[Given records — start]

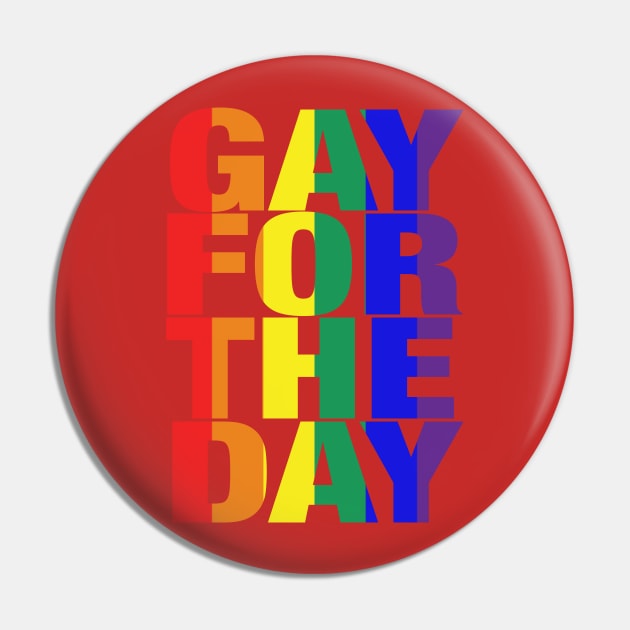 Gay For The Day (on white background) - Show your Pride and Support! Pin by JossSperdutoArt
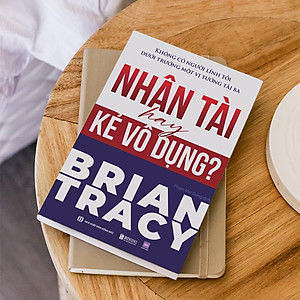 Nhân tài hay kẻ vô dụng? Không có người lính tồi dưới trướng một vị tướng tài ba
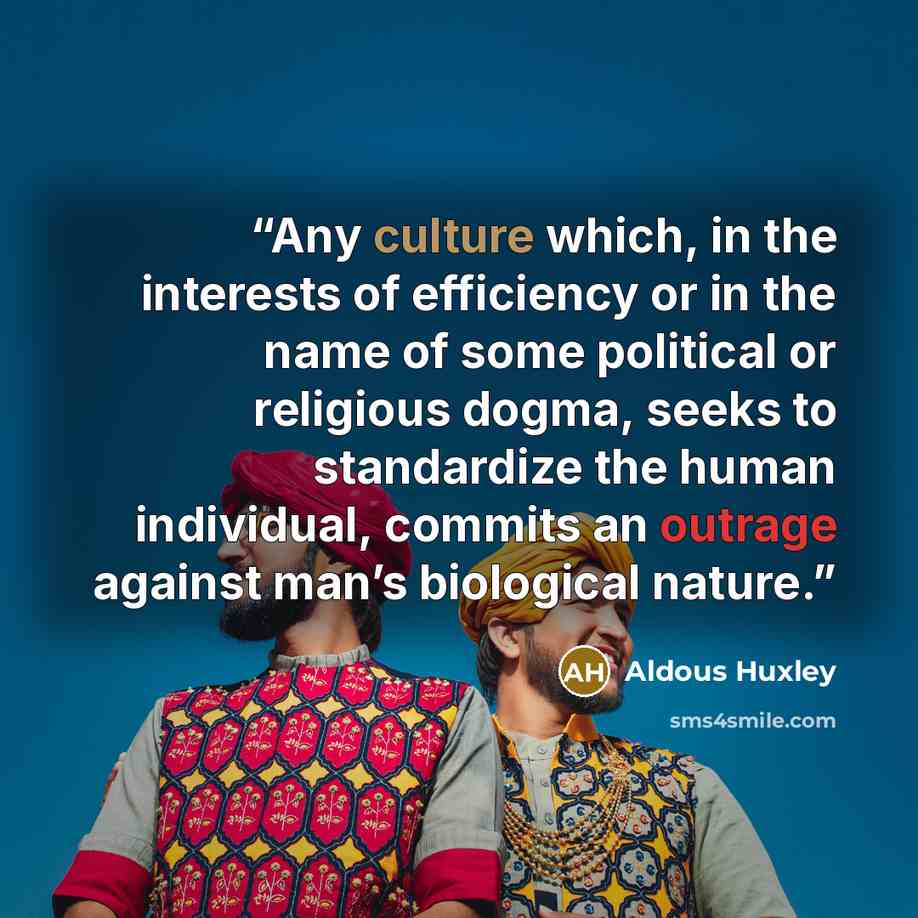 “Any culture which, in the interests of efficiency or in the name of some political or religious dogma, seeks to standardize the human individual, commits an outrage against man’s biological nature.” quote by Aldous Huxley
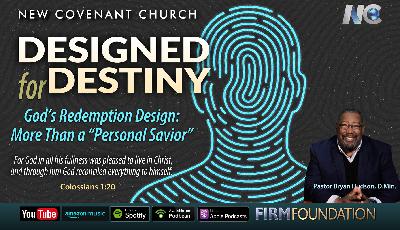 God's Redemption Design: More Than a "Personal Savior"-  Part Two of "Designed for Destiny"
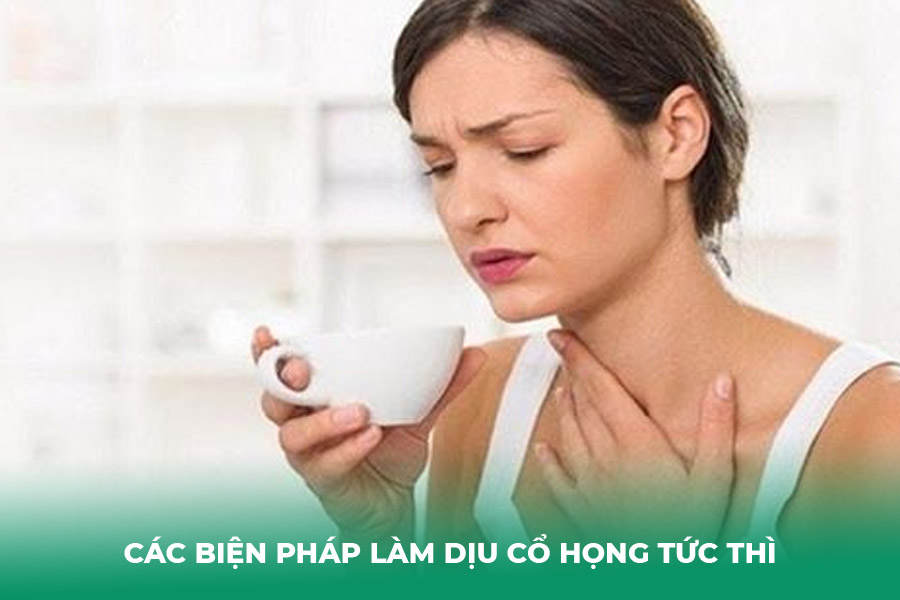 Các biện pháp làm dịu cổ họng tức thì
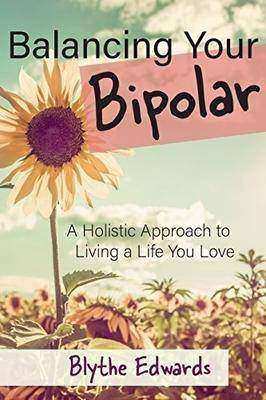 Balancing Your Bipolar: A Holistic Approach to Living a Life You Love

[Given records — finish]

### The task
Among the lines above, the one with "Nhân tài hay" opens the part to repeat and the one with "by Aldous Huxley" closes it; repeat only that part exactly, with no pictures.

### Result
 Nhân tài hay kẻ vô dụng? Không có người lính tồi dưới trướng một vị tướng tài ba
 “Any culture which, in the interests of efficiency or in the name of some political or religious dogma, seeks to standardize the human individual, commits an outrage against man’s biological nature.” quote by Aldous Huxley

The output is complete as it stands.